FAQ’s

Why does the exhibit feature replica paintings and not originals?

Frida painted her life; her paintings are like an autobiography on canvas.

To understand her life, it is essential to be able to see all her paintings. However, exhibitions with originals by Frida are only able to show a maximum of 40 paintings of an estimated 134 she painted because:

  • Some of her paintings are permanently in the Blue House in Mexico and cannot leave
  • Some are privately owned (e.g., Madonna is a Frida Kahlo collector), and some of the owners never lend them for exhibitions
  • The rest are scattered throughout the world.

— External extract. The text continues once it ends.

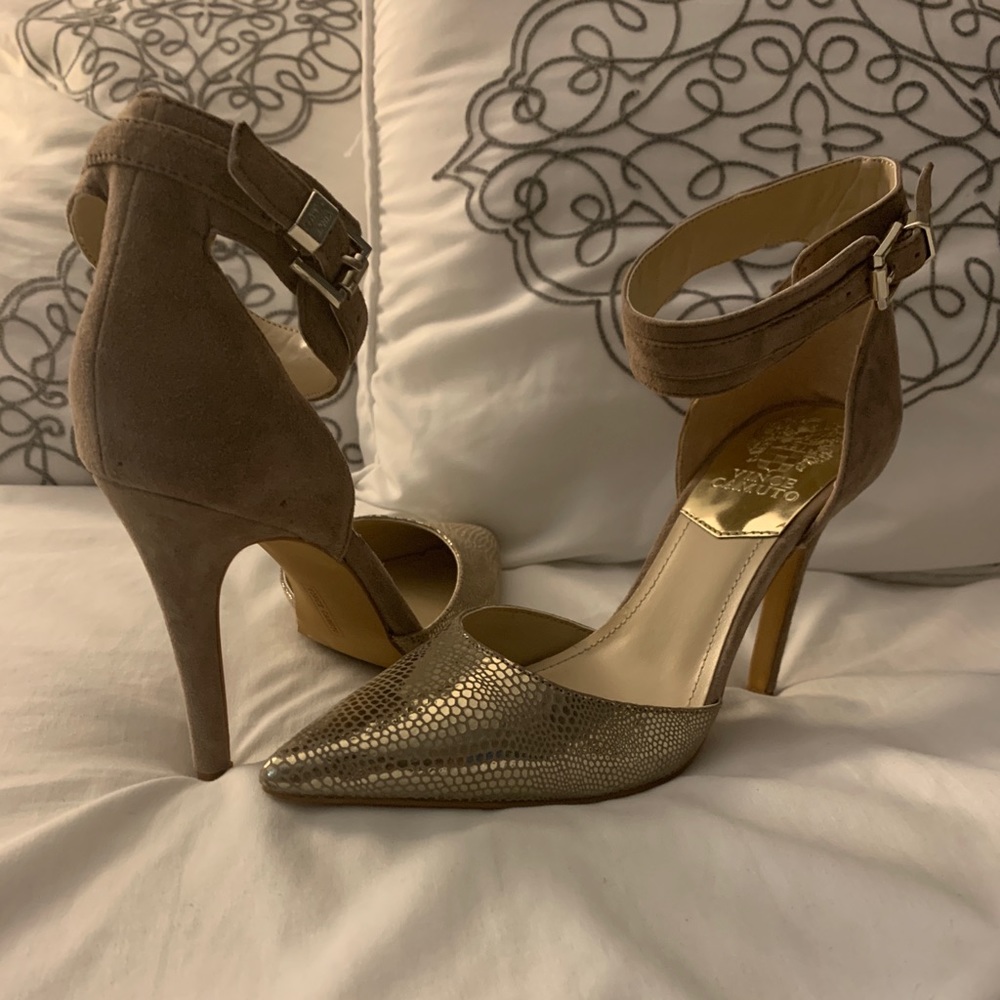 Vince Camino Lyla Ankle Strap Pump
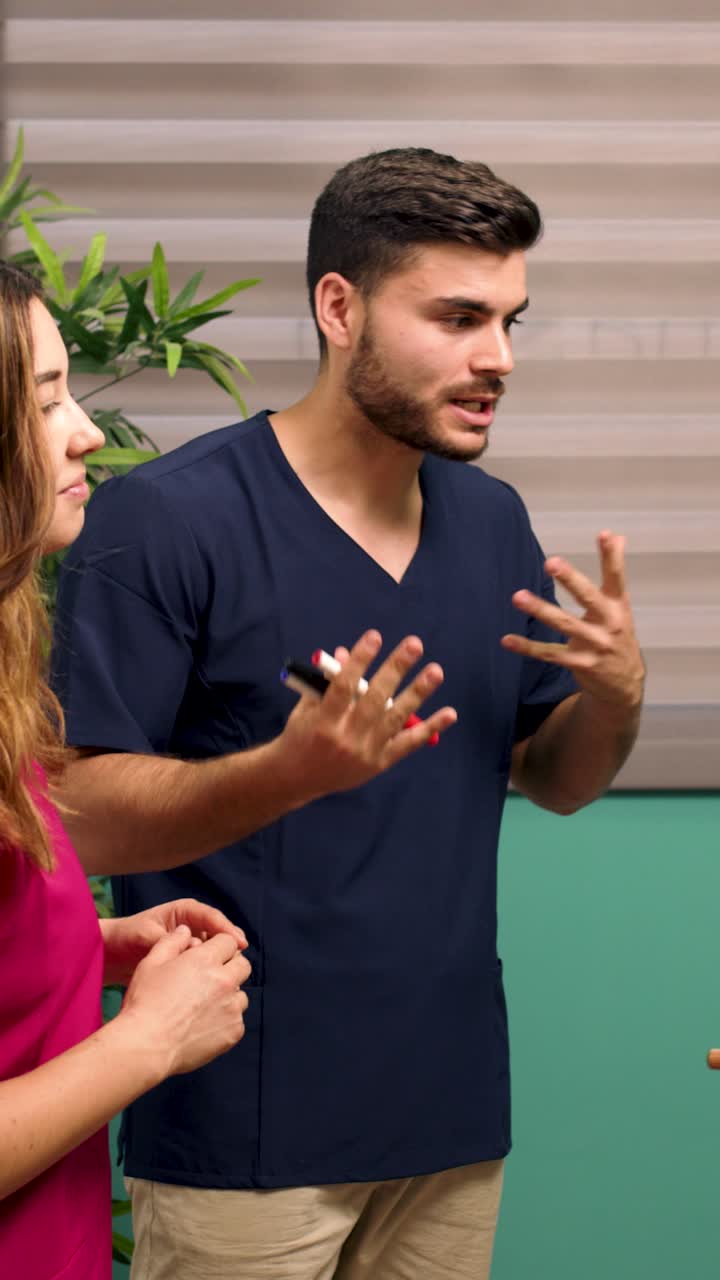 Profissionais de saúde discutindo em um ambiente de escritório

“The Complete Frida Kahlo” exhibition shows all the paintings, (123), for which there is a documentation in color; it allows the visitors to follow her entire life, from the very beginning as a hobby-painter through her maturity as an artist and to her last works before her death. This is only possible with replicas.

Who painted them?

The replicas were hand-painted by four Chinese master artists in the Song Zhuang artist community outside of Beijing. For more information, please click HERE.

Isn’t it illegal to copy her paintings?

Replicas have a legal connotation (it is authorized) and a quality connotation (it is a faithful repetition of the original). In most countries the artist’s rights expire 70 years after the artist’s death, in the case of Frida: in 2024. These replicas are painted by master artists and licensed by ©Banco de Mexico Diego Rivera & Frida Kahlo Museums Trust/VG Bild-Kunst, Bonn 2008.

How long should I plan to spend in the exhibit?

We recommend at least one hour to get the most value out of your visit.

Why did they choose Frida Kahlo’s life to make the subject of an exhibition?

Frida is a fascinating cultural icon, whose appeal extends beyond the art world. The curators are lifelong art enthusiasts. They have studied and researched Frida’s work and her life for almost 30 years, and they wanted to share their passion for Frida with the rest of the world.

What age is appropriate to see this exhibition?

While some of the artist’s work could be considered graphic in nature, we leave to the discretion of parents or educators to determine if the exhibit is suitable for their children/students.

Can I take photos of the exhibit?

We are sorry, but photography is not allowed within the exhibit.